Understanding the role of particle size in the removal process is key to efficient solids removal.
Relatively large particles, those over 100 microns (micrometers), are considered settleable solids, meaning that if water velocity is reduced they will settle to the bottom by gravity. This settling or sedimentation is accomplished by allowing the water to slow, usually in a sump tank, with the result that these big particles drop out. This process can be encouraged by running the water through tubes or over weirs in the settling tank. The relatively long retention times (slow flow rate) in a settling tank, which is needed for settling to occur, is a drawback which has been answered by diverting some of the flow "offline" (temporarily out of the recirculation loop) so settling can occur without affecting overall flow in the system. Wherever the solids settle out they must be periodically removed by draining off the sludge with the unwanted loss of water, as well. While settling is cheap and simple, removing particles only larger than 100 microns is inadequate, too much solid material remains.
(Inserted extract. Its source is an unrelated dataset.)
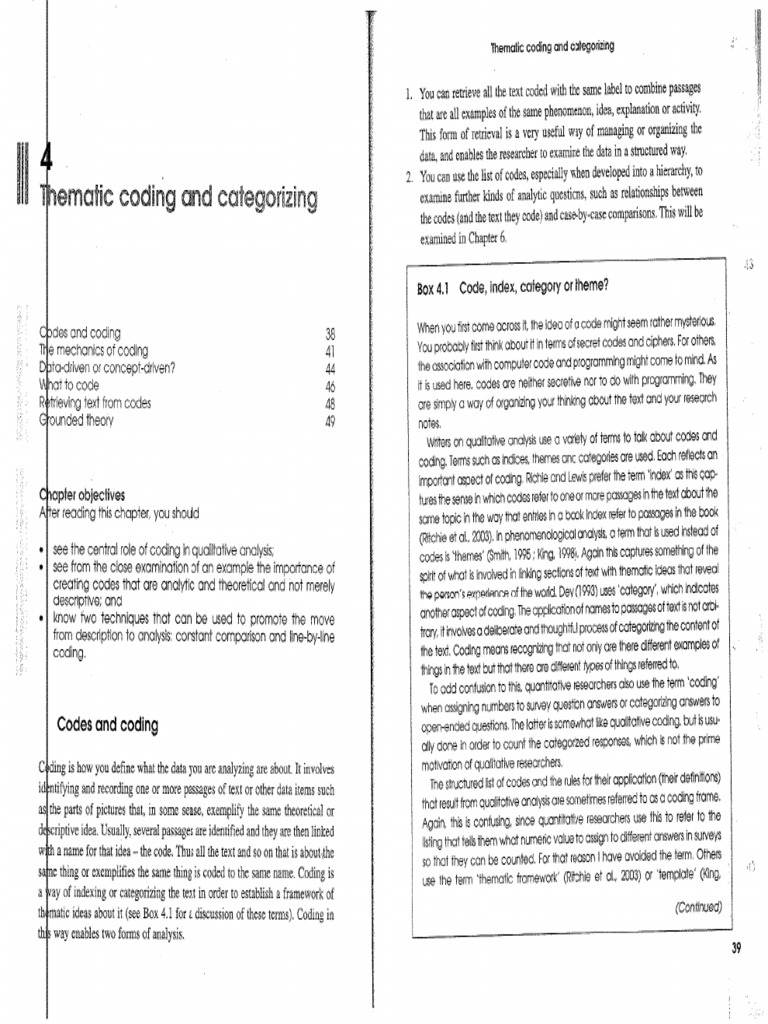 Gibbs Chapter 4 - Thematic Coding and Categorizing | PDF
So, sedimentation may be used as a primary or pretreatment, but can not be used as the only solids removal technique.
Adequate solids removal for recirculation aquaculture requires that particle sizes down to about 50 -75 micrometers be removed. Water with only particles <50 microns remaining will seem somewhat cloudy and turbid, but is sufficiently clean for production recirculation aquaculture (but not for display, as in a public aquarium). The most popular removal equipment for smaller particles falls into two categories: granular media and microscreens. A distant third in popularity is the hydrocyclone. The hydrocylcone works by converting the water velocity into a circular motion in a cone. Solids in the spinning water are thrown to the sides of the cone by centrifugal force. At the sides, the velocity is slower and the solids sink to the bottom of the cone while the cleaner water exits the top. Essentially, a hydrocyclone works by forcing sedimentation in an environment with an increased gravitational force (simulated by centrifugal force), not unlike a centrifuge or a carnival ride. Hydrocyclones are widely used in industry for separating solids from liquids. The drawback of hydrocyclones for recirculation aquaculture is that they result in a high head loss (require extra pumping power), increasing the energy expense.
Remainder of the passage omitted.